## [Task brief]
What you give back should be exactly the lines from the one with "7765E6 01 Autotrail Imala615 SMC11410" through the end of the data, without the pictures.

## [Entries provided]
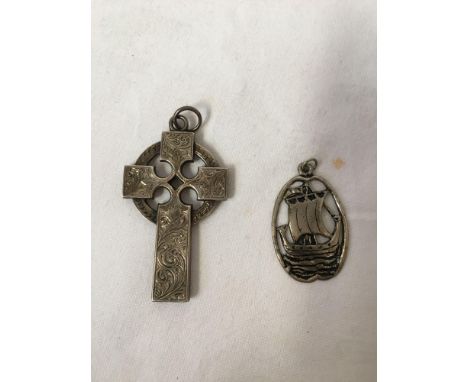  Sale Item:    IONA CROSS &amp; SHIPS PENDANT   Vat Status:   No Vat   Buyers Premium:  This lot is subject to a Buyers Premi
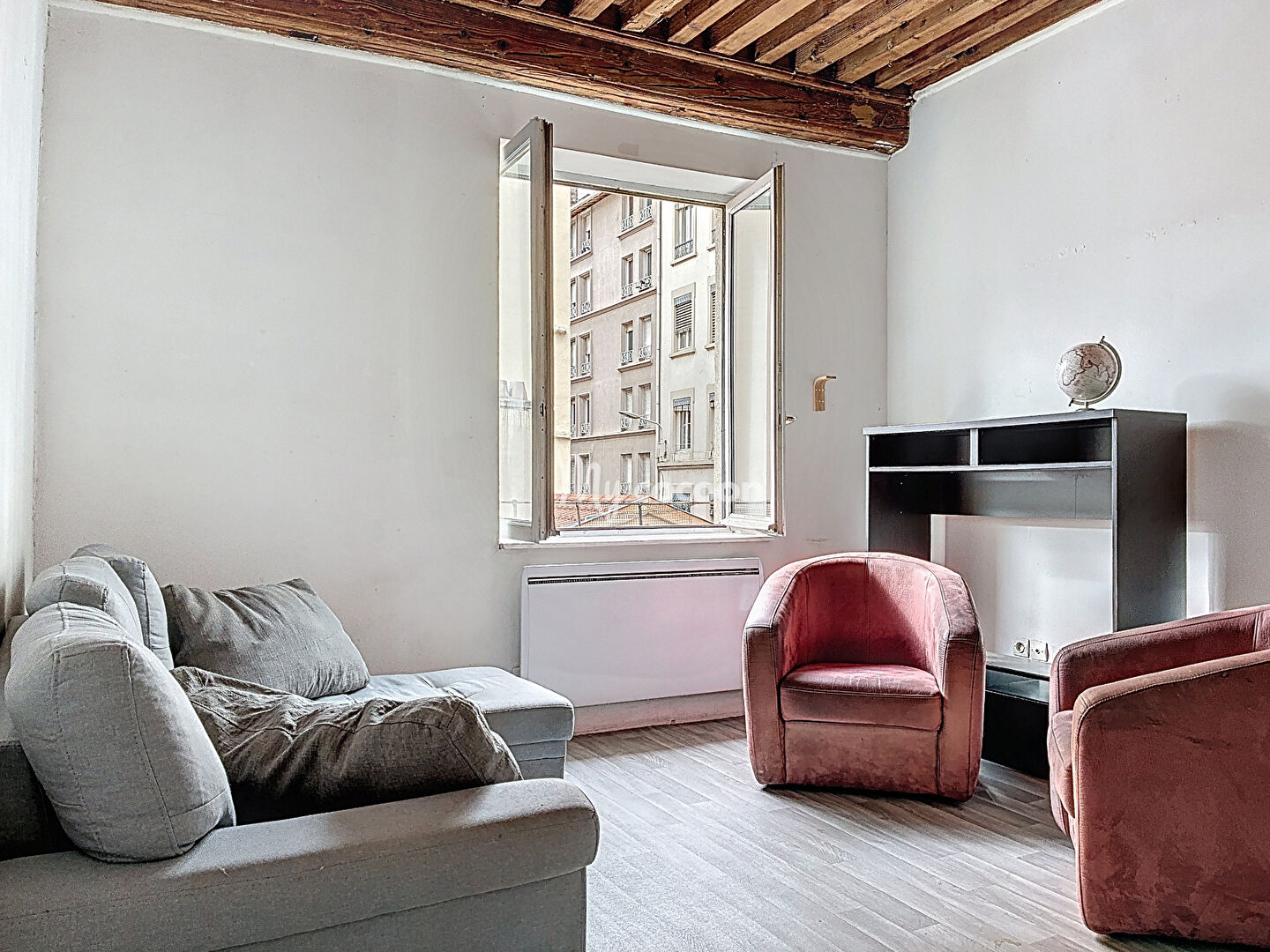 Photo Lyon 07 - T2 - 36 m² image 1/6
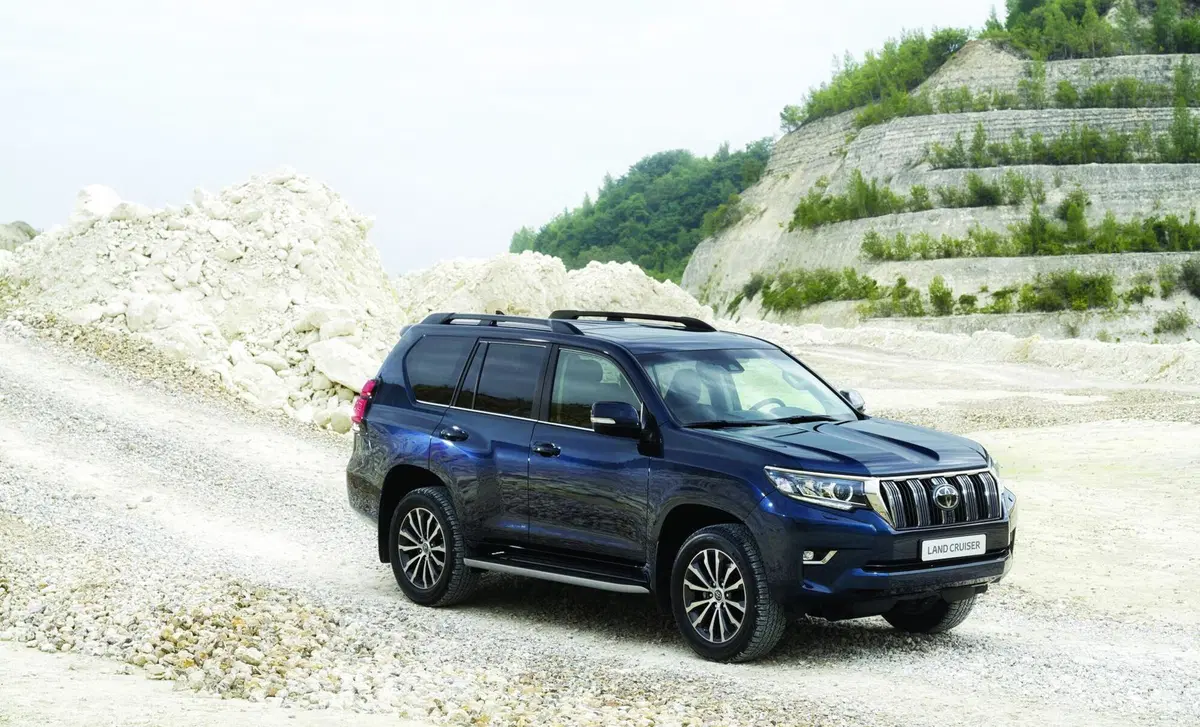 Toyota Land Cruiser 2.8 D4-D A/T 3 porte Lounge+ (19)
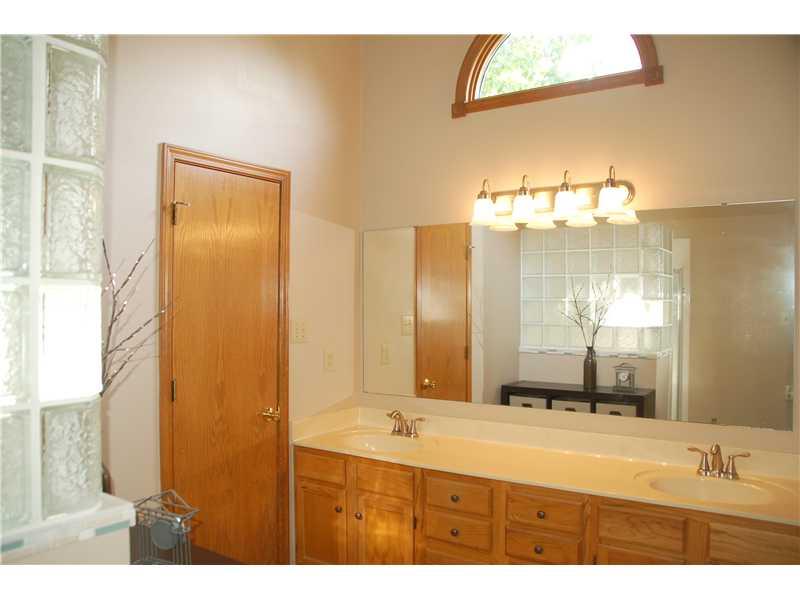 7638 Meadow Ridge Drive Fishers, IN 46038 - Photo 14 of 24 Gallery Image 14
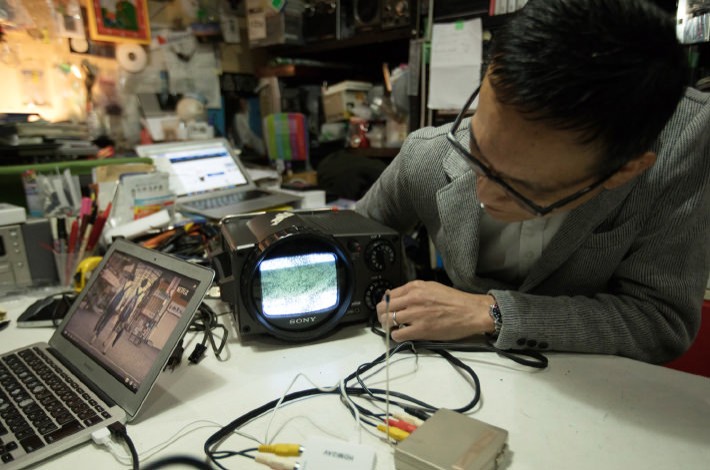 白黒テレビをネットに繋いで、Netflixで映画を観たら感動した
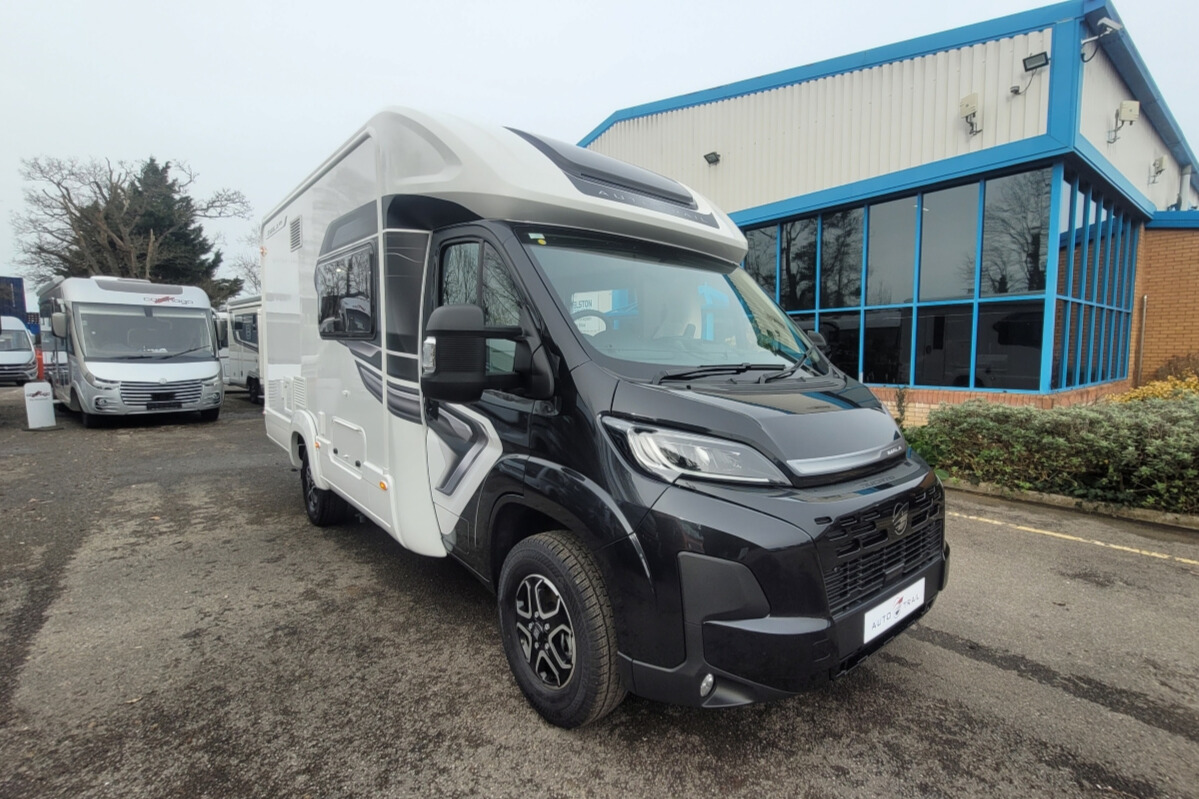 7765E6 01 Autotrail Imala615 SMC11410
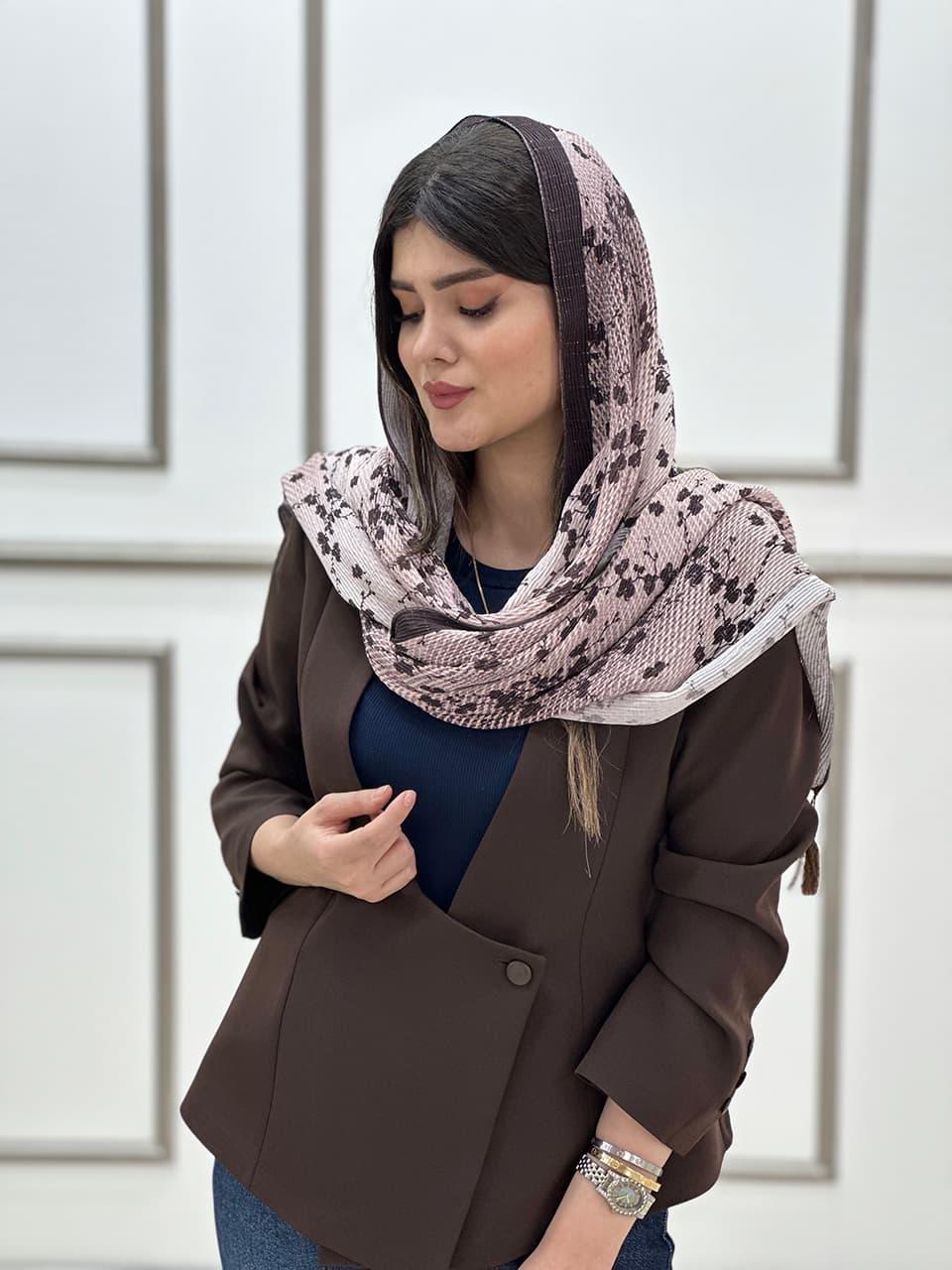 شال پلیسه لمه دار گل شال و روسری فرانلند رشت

## [Task answer]
 7765E6 01 Autotrail Imala615 SMC11410
 شال پلیسه لمه دار گل شال و روسری فرانلند رشت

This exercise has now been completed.